First of all, we must point out that logic tree sampling is controlled
by three parameters in the job.ini:
- number_of_logic_tree_samples (default 0, no sampling)
- sampling_method (default ``early_weights``)
- random_seed (default 42)
When sampling is enabled ``number_of_logic_tree_samples`` is a positive
number, equal to the number of branches to be randomly extracted from
full logic tree of the calculation. The precise why the random extraction
works depends on the sampling method.
early_weights
With this sampling method, the engine randomly choose branches depending
on the weights in the logic tree; having done that, the hazard curve
statistics (mean and quantiles) are computed with equal weights.
late_weights
With this sampling method, the engine randomly choose branches ignoring
the weights in the logic tree; however, the hazard curve
statistics are computed by taking into account the weights.
early_latin
With this sampling method, the engine randomly choose branches depending
on the weights in the logic tree by using an hypercube latin sampling;
having done that, the hazard curve statistics are computed with equal weights.
late_latin
Wit this sampling method, the engine randomly choose branches ignoring
the weights in the logic tree, but still using an hypercube sampling;
then, the hazard curve statistics are computed by taking into account
the weights.
More precisely, the engine calls something like the function::
openquake.hazardlib.lt.random_sample(
branchsets, num_samples, seed, sampling_method)

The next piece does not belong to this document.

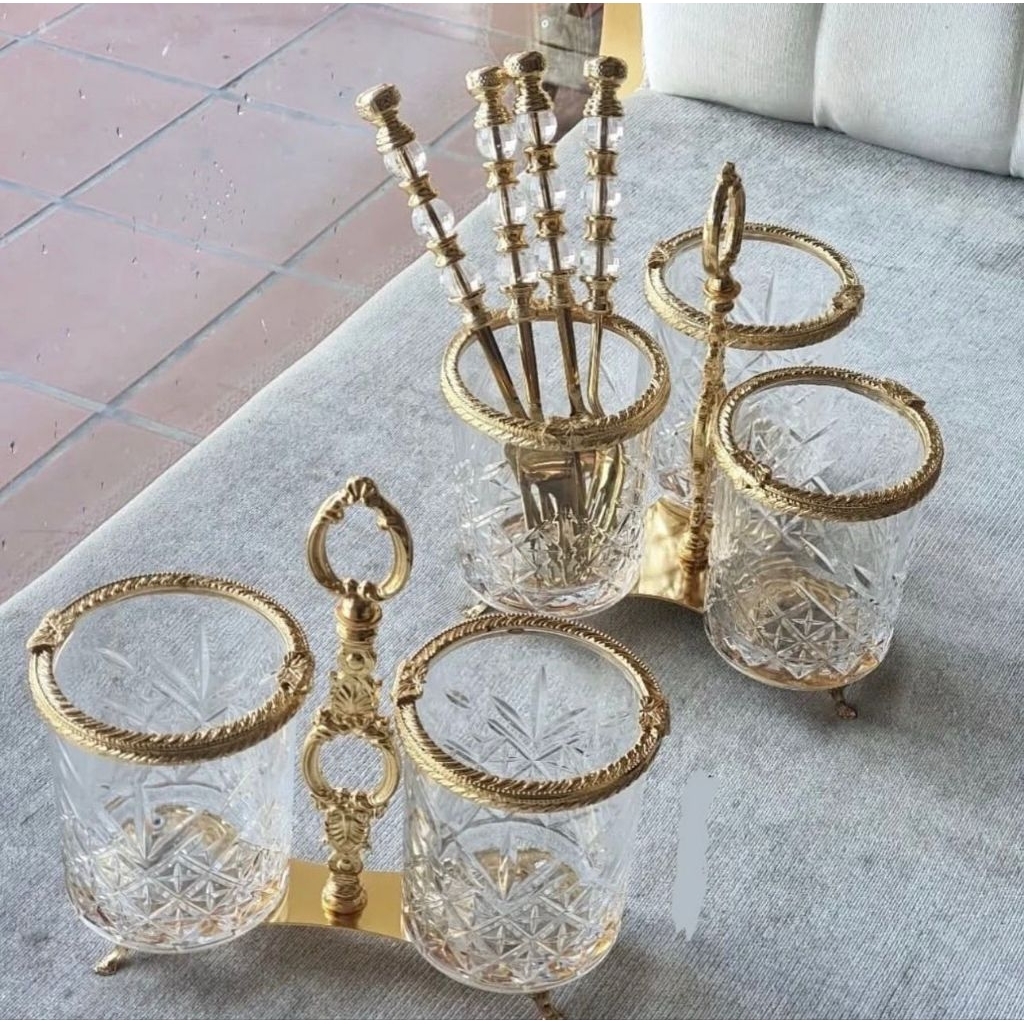Tempat Sendok Turki Gold Silver Tempat Sendok Vintage Antik Tempat Sendok Gold Kristal 2 in 1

You are invited to play with it; in general the latin sampling produces
samples much closer to the expected weights even with few samples.
Here in an example with two branchsets with weights [.4, .6] and
[.2, .3, .5] respectively.
>>> bsets = [[('X', .4), ('Y', .6)], [('A', .2), ('B', .3), ('C', .5)]]

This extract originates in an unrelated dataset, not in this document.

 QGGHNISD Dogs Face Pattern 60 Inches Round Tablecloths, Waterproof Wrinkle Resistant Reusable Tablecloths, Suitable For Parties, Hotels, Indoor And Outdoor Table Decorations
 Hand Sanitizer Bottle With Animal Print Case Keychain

With 100 samples one would expect to get the path XA 8 times, XB 12
times, XC 20 times, YA 12 times, YB 18 times, YC 30 times. Instead we get:
>>> paths = random_sample(bsets, 100, 42, 'early_weights')
>>> collections.Counter(paths)
Counter({'YC': 26, 'XC': 24, 'YB': 17, 'XA': 13, 'YA': 10, 'XB': 10})
>>> paths = random_sample(bsets, 100, 42, 'late_weights')
>>> collections.Counter(paths)
Counter({'XA': 20, 'YA': 18, 'XB': 17, 'XC': 15, 'YB': 15, 'YC': 15})
>>> paths = random_sample(bsets, 100, 42, 'early_latin')
>>> collections.Counter(paths)
Counter({'YC': 31, 'XC': 19, 'YB': 17, 'XB': 13, 'YA': 12, 'XA': 8})
>>> paths = random_sample(bsets, 100, 45, 'late_latin')
>>> collections.Counter(paths)
Counter({'YC': 18, 'XA': 18, 'XC': 16, 'YA': 16, 'XB': 16, 'YB': 16})